• _Requirement_: Exactly and only the lines from the one with "VIOKS Geruchsfilter Filter" through the last line of the records need to be set down; please skip the pictures.

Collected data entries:
BEGIN
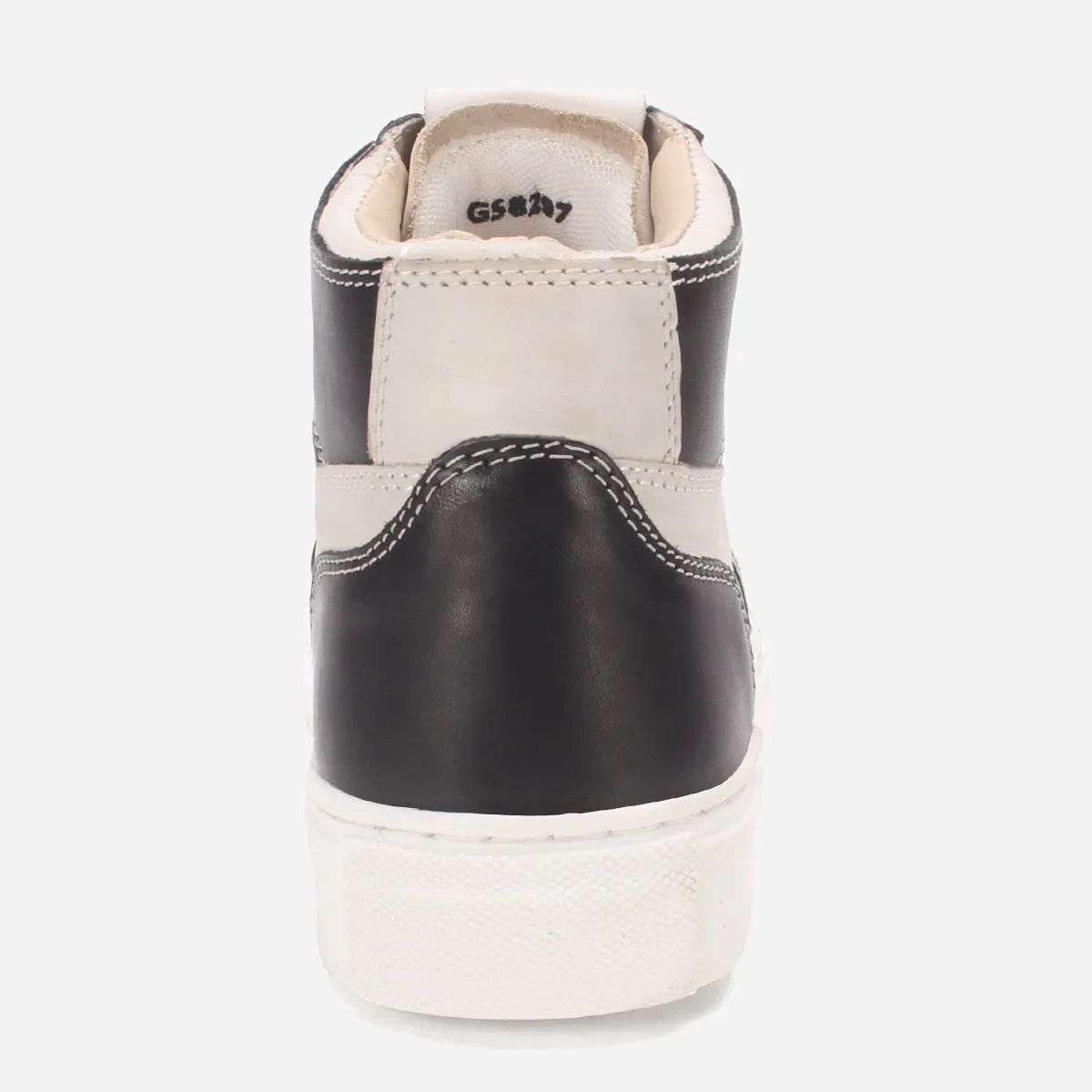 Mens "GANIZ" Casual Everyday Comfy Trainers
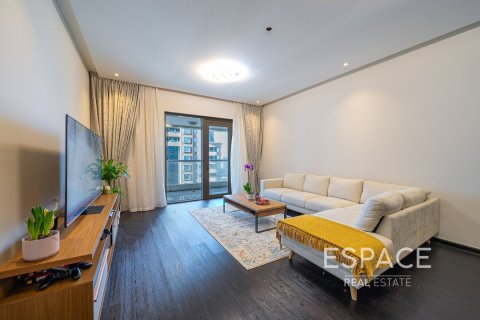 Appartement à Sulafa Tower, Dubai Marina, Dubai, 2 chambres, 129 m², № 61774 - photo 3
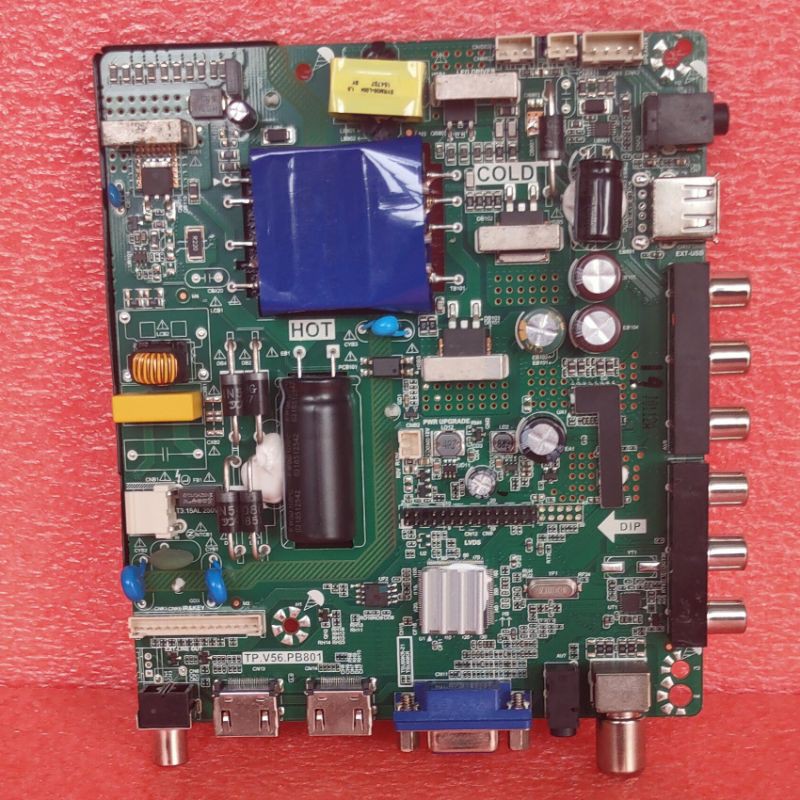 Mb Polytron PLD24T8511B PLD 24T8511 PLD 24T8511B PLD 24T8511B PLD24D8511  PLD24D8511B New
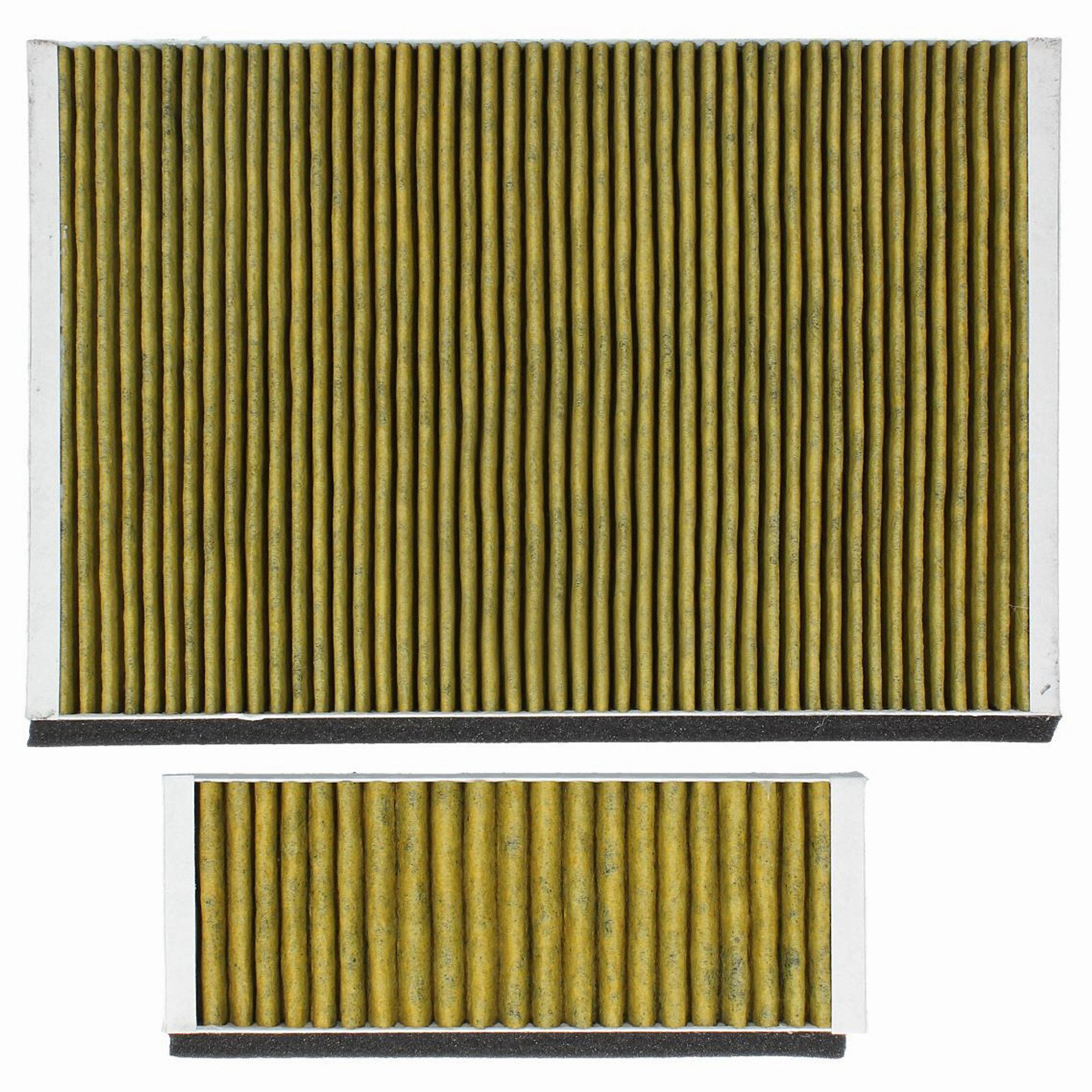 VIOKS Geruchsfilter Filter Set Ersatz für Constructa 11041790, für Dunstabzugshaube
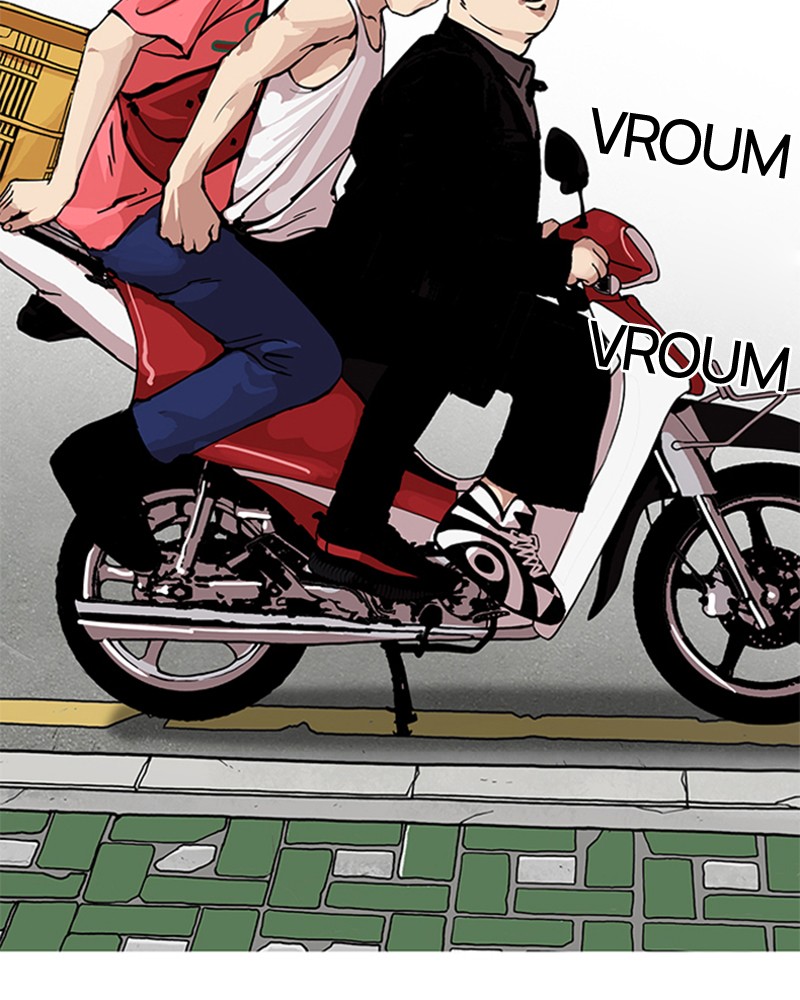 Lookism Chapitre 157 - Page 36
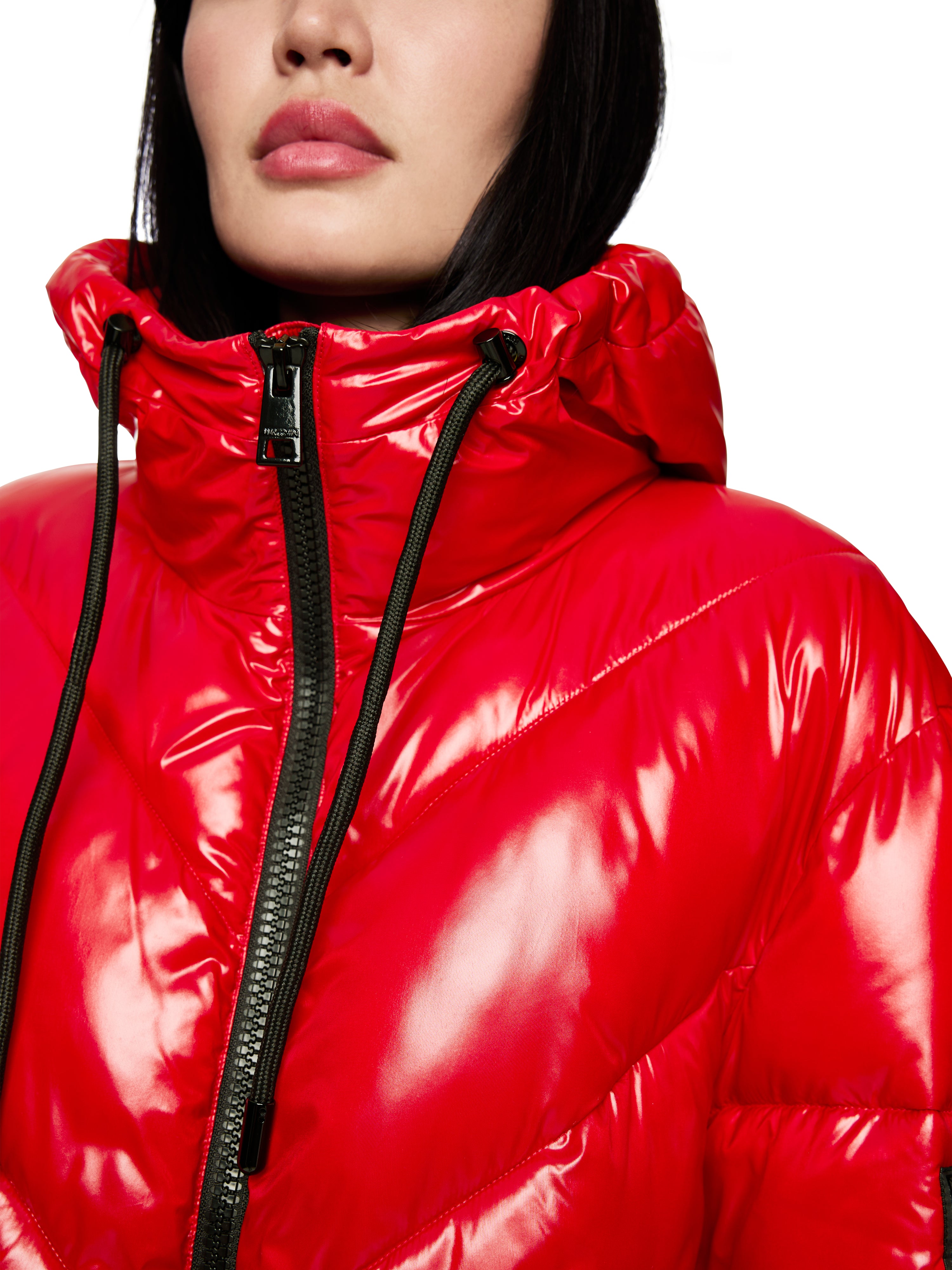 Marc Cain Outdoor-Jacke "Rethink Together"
END
• _Answer section_:
 VIOKS Geruchsfilter Filter Set Ersatz für Constructa 11041790, für Dunstabzugshaube
 Lookism Chapitre 157 - Page 36
 Marc Cain Outdoor-Jacke "Rethink Together"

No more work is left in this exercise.